**INSTRUCTIONS FOR THE TASK**.
With no images included, output each entry below exactly as it appears.

**Short descriptive text snippets**.
★ ★ ★ ★

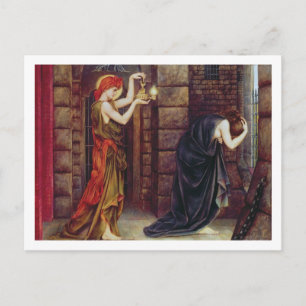 Carte Postale Espoir dans la prison de Despair (huile sur toile)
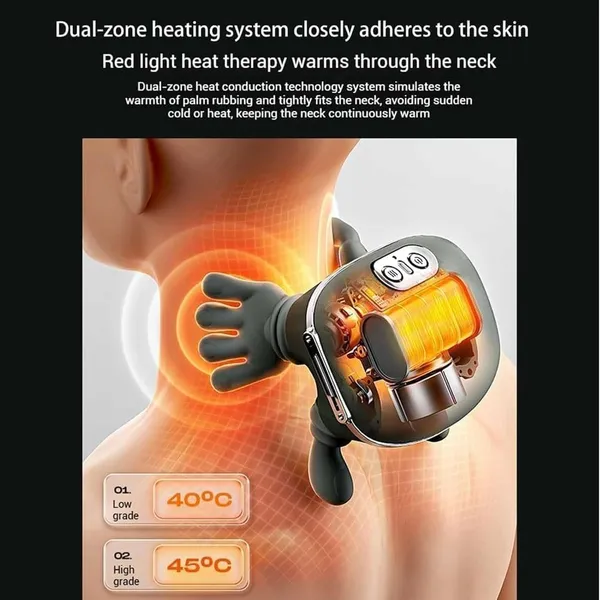 Green_Silicone_Electric_Dual_Head_Neck_Massager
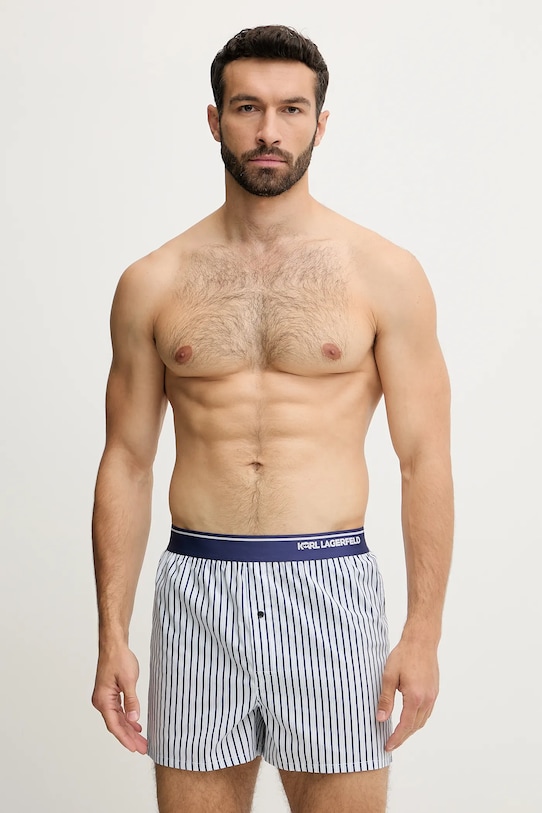 Хлопковые боксеры 3 шт Karl Lagerfeld, синий
Хлопковые боксеры 3 шт Karl Lagerfeld, синий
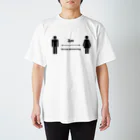 ようこそ！イケダヤ国際的なのSocial Distancing Regular Fit T-Shirt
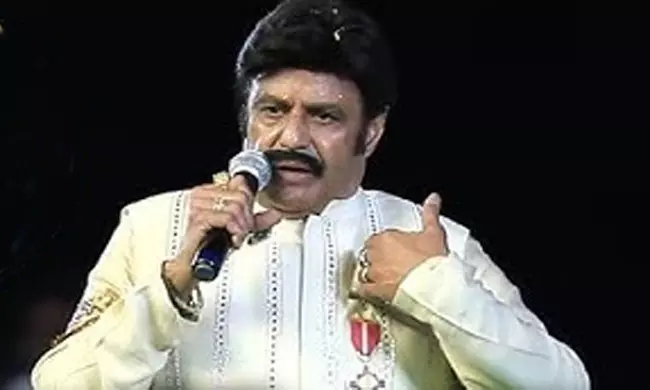 50సం.లు హీరోగా ఎవ‌డూ లేడు: NBK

★ ★ ★ ★

**WRITTEN ANSWER**.
 Carte Postale Espoir dans la prison de Despair (huile sur toile)
 Green_Silicone_Electric_Dual_Head_Neck_Massager
 Хлопковые боксеры 3 шт Karl Lagerfeld, синий
Хлопковые боксеры 3 шт Karl Lagerfeld, синий
 ようこそ！イケダヤ国際的なのSocial Distancing Regular Fit T-Shirt
 50సం.లు హీరోగా ఎవ‌డూ లేడు: NBK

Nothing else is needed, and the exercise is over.